Books are like teachers, most simply provide information, while the best ones inspire you to discover information for yourself. That is my hope for the books on this list. I hope that they light a spark. I hope they force you to ask questions. I hope they make you as thirsty for knowledge about entrepreneurship, education and life as they did for me.
If these books are not worth every second of your time I’ll buy you a beer.
All through high school I hated books. I couldn’t understand the fascination some had with them. I didn’t care about the story if it provided no useful knowledge. Then in my freshmen year of college I happened upon this book, A Whole New Mind. Pink’s book walks through the paradigm shift we are about to take. You will be obsolete in the next decade if: someone in India can do it cheaper, a robot can do it faster, or if you can’t provide a unique value. The good news is that it is not too late. Pink lays out six traits that will be vital for individuals relevancy in the second half of this decade. After reading this book I realized everything I know is wrong.
This is the perfect book for those that are ready for a change of pace, or looking for somewhere thought provoking to begin.
No theory has changed my world more than Simon Sinek’s Golden Circle. It is a simple, yet profound take on how to inspire. His TED talk on how leaders inspire action is one of the all-time most viewed videos on TED. If you want to hear more about the Golden Circle it is worth the 20 minutes.
Start With Why expands on his speech and gives more examples. It is a perfect follow up if you just read A Whole New Mind.
Man’s Search for Meaning by Viktor Frankl
Viktor Frankl was a psychologist and survivor of four Nazi concentration camps, including Auschwitz. He recalls the tragic events of the Holocaust and vividly portrays life in camp from a psychological perspective. A terrifying and fascinating read, Frankl discusses how man is able to find meaning amid suffering.
I have yet to read a book with as much meaning packed into so few pages.
The Four-Hour Work Week by Tim Ferris
The Four Hour Work Week is perhaps the best book for those looking for a taste of entrepreneurship. It is entertaining and enlightening. If you want to start a business this weekend, this is the book to read.

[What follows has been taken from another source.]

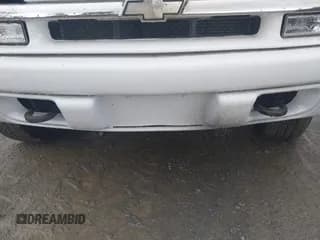 ✅ 2002 Chevrolet Blazer LS • VIN: 1GNDT13W12K155699 • Lot: 42558320. Wystawiony na IAAI z przebiegiem 104 072 mil. Bezpłatny archiwum sprzedaży aukcyjnych z USA i szczegółowy raport historii pojazdu na DreamBid. Zdjęcie 6.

Although released in 2007 all of his marketing techniques are still relevant.
Beyond being a fantastic writer, Tim Ferris is a Thai Kickboxing Champion, Tango extraordinaire and speaks eight languages (well maybe six).
Four Steps to the Epiphany by Steve Blank
This is the Holy Bible of entrepreneurship. If you have been taking classes about putting a business plan together throw those books out the window. Models of entrepreneurship more than 30-years-old are no longer relevant. If your entrepreneurship teacher hasn’t heard of Lean Startup suggest they read this book. It won’t be entertaining as Four Hour Workweek, but you won’t find another guide that will tell you exactly what to say to your first customers.
I have yet to read a more important book in the realm of starting a business. If you are a student, go to Steve Blank’s website to purchase the book for half price. If you aren’t a student at $40 this book is still a huge bargain. This is what I read instead of going to my Organizational Behavior classes.
The Education of Millionaires by Michael Ellsberg
Ellsberg interviews some of America’s most successful people about how they achieved success. Whats the single common denominator? None of them graduated from college. Ellsberg offers enlightening interviews that suggest the biggest thing you won’t learn in college is how to succeed professionally.
Can 35 millionaires and 4 billionaires really be wrong?
Dumbing us Down & Weapons of Mass Instruction by John Taylor Gatto
A three time New York City teacher of the year, John Taylor Gatto believes that the current school system is designed to make children intellectually and emotionally. People are naturally interested to learn as much as they can about the world around them. School people into poorly lit rooms for eight hours.
A book for those that have a hunch that something about our educational system is wrong.